Buradan ne çıkıyor aslında? Din
insanı cennete hazırlamak içindir. Ağaçların bile cennette ideal güzellikle
arzı endam ettiklerinden yola çıkarak biz insanlar ne anlamamız lazım? Ey insan
senin de dikenin var, senin de öyle yemişlerin var ki pelitten beter, beş para
etmez. Boğaza duruyorsun. Senin de öyle eylemlerin oluyor ki, şu yer yüzünde
yılanlardan daha zehirli olabiliyorsun ey insan. O zaman sen de buradan yola
çıkarak Allah seni cennete koysun istiyorsan bunun bir bedeli olmalı, bir
terbiye süreci.

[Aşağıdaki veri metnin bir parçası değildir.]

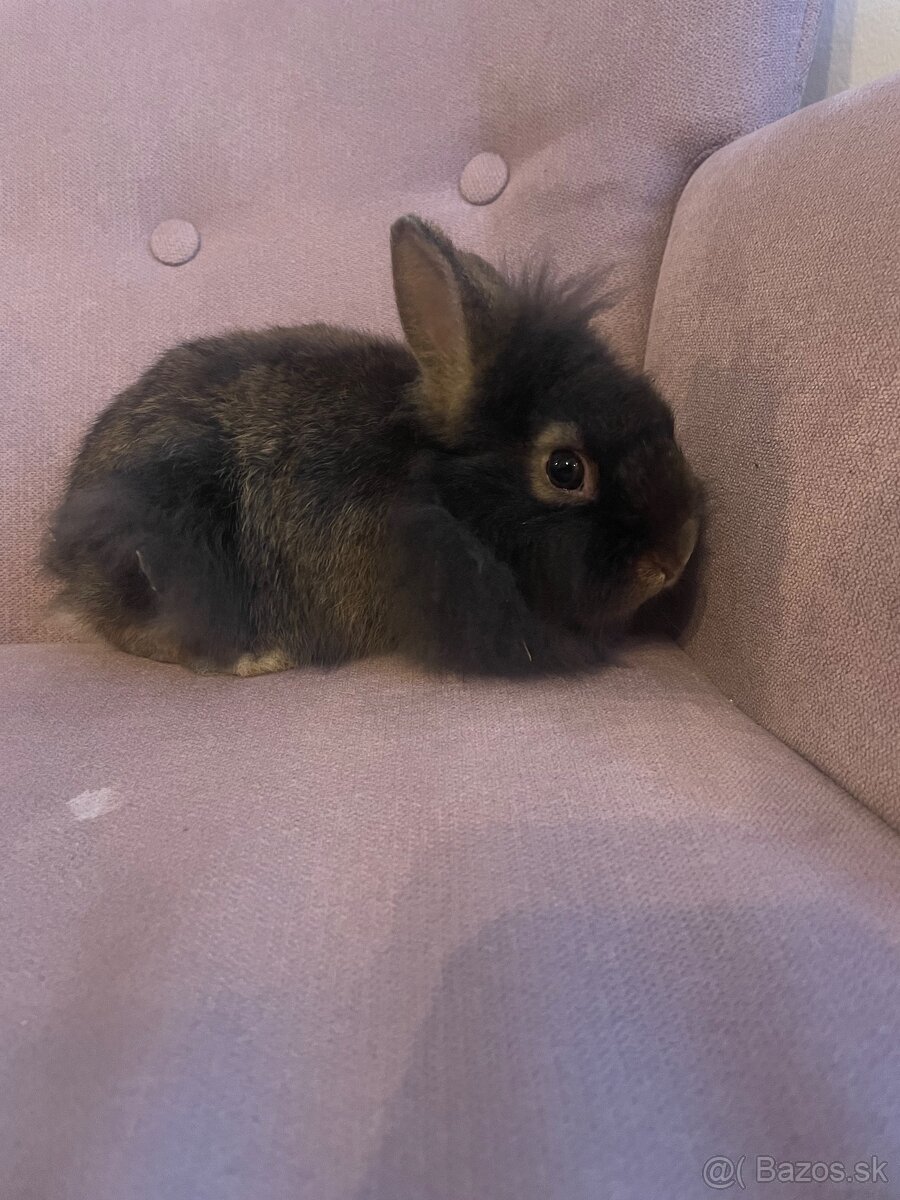 Zakrslý králik s Teddy génom - 2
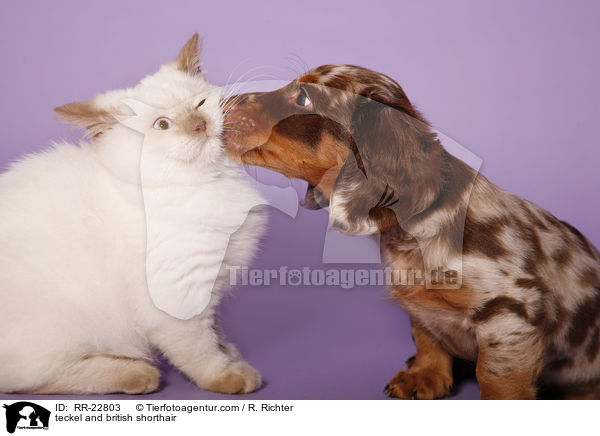 Dackel und Britisch Kurzhaar / teckel and british shorthair / RR-22803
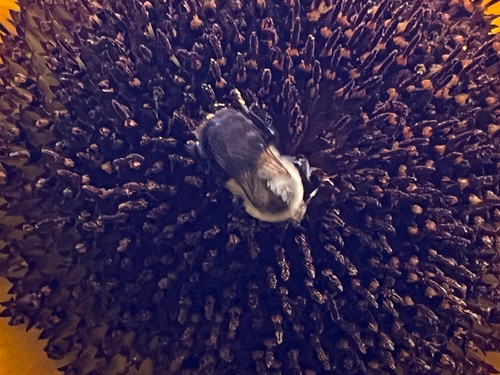 Common Eastern Bumble Bee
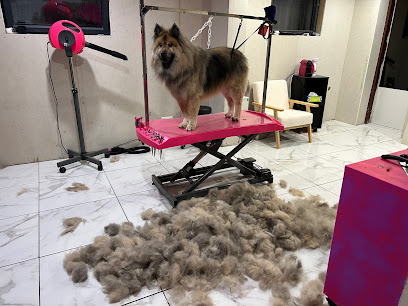 Les Pattounes De Rose/Toilettage Canin Toiletteur Pour Animaux à Civrieux-d'Azergues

Yani cennete kirli halinle giremezsin. Cennete bu halinle
giremezsin.
Peki ne halimle girerim? İdeal
halinle, pırıl pırıl halinle. İşte din de seni pırıl pırıl etmek için
gönderildi. İşte vahyin amacı da seni pırıl pırıl etmek. İşte peygamberler de
bunun için geldi. Burada zımnen aslında söylenen budur başka bir şey değil.
30-) Ve zıllin memdud;
Yayılmış
(sonsuz)
gölgede, (A. Hulusi)
30 - Memdud
bir saye. (Elmalı)
Ve zıllin memdud ve uzayıp giden
serin gölgeler.
31-) Ve mâin meskûb;
Çağlayarak
dökülüp akan bir suda, (A. Hulusi)
31 - Çağlayan
bir su. (Elmalı)
Ve mâin meskûb ve çağlayanlar. Öyle
ki Ve mâin meskûb bitimsiz, pırıl
pırıl, billur gibi. Sanki elmas akıyor gibi çağlayanlar.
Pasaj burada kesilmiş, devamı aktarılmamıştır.